Außerdem muss sich meine Generation ständig rechtfertigen. Ich glaube, nie in der Geschichte gab es so viele Wellen und Moden wie zur Zeit. Warum lebt man nicht vegan oder wenigstens vegetarisch? Warum benutzt man nicht Biokosmetik? Warum lässt man sich als Mann die Augenbrauen nicht schneiden? Warum joggt man nicht? Warum trinkt man ein Feierabendbier? Jede Woche wird ein neues Thema in den (as)sozialen Netzwerken gehypet. Und was da alles für Blödsinn aufkommt. Etwa Regrettingmotherhood. Eine wahre Welle auf allen Kanälen, auf der Mütter ritten, die es bedauerten, ein Kind bekommen zu haben. So what, es ist halt da.
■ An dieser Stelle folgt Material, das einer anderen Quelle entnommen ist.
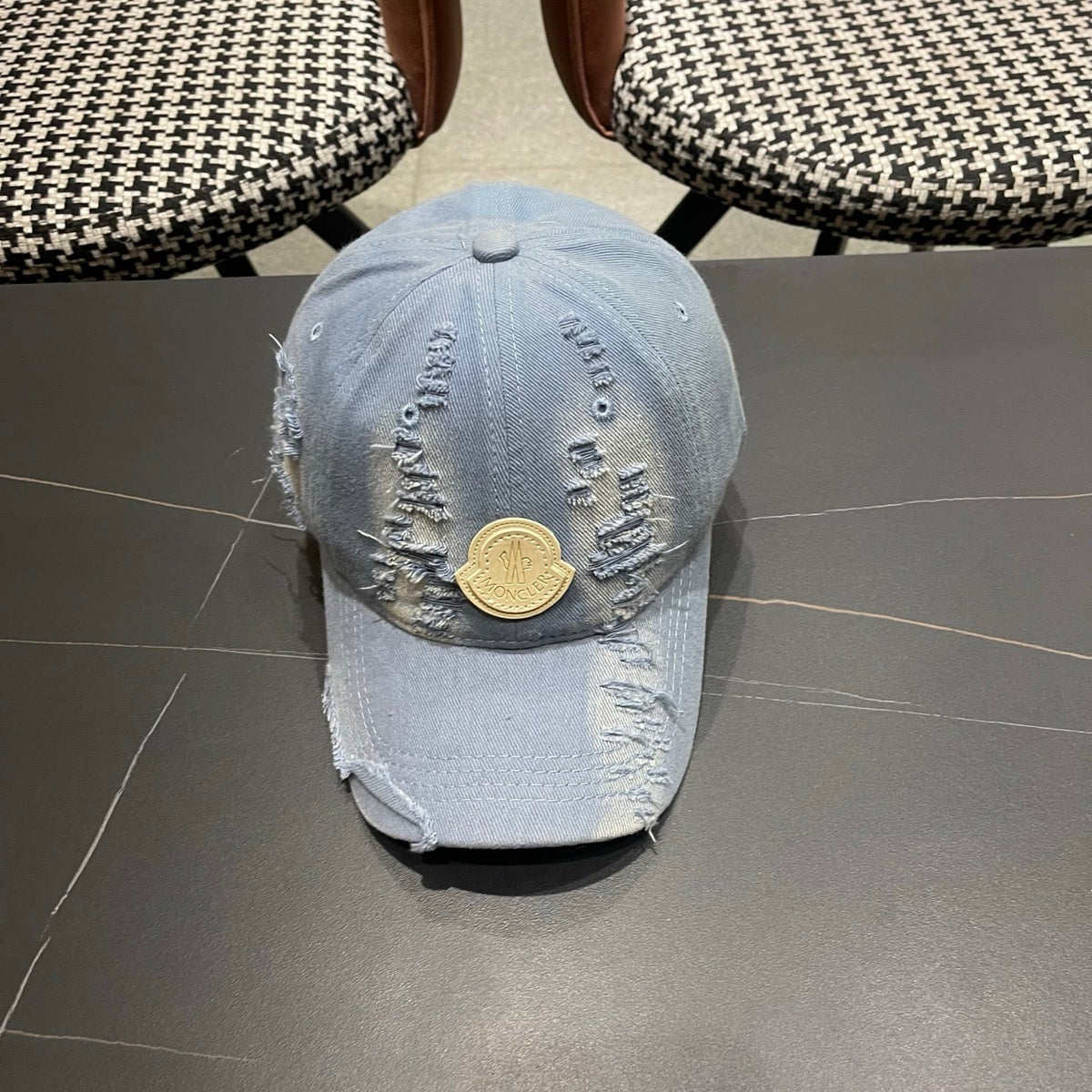 Moncler 2026 Distressed Baseball Cap Hat Denim 566104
Die mittlere Generation plagen also nicht nur wirtschaftliche oder politische Ängste, sondern sie ist immer auch Zweifeln ausgesetzt, ob ihr selbstgewählter way of life den Ansprüchen der Selbstoptimierung standhält.
Mein Chef, der Bürgermeister, sieht es so: An die Generation Mitte werden zu viele Ansprüche gestellt und sie stellt auch an sich selbst viel zu hohe Ansprüche. Sie hat viel zu verlieren und fürchtet den Verlust. Aber wo sind die Antworten, die Sicherheit geben? Wer kann die Zuversicht verkörpern, dass die Zukunft immer besser wird, als die Vergangenheit, also die Urerfahrung der jetzigen mittleren Generation? Vielleicht liegt die Antwort in einem Gedanken des Franz von Sales: „Begegne dem, was auf dich zukommt, nicht mit Angst, sondern mit Hoffnung“.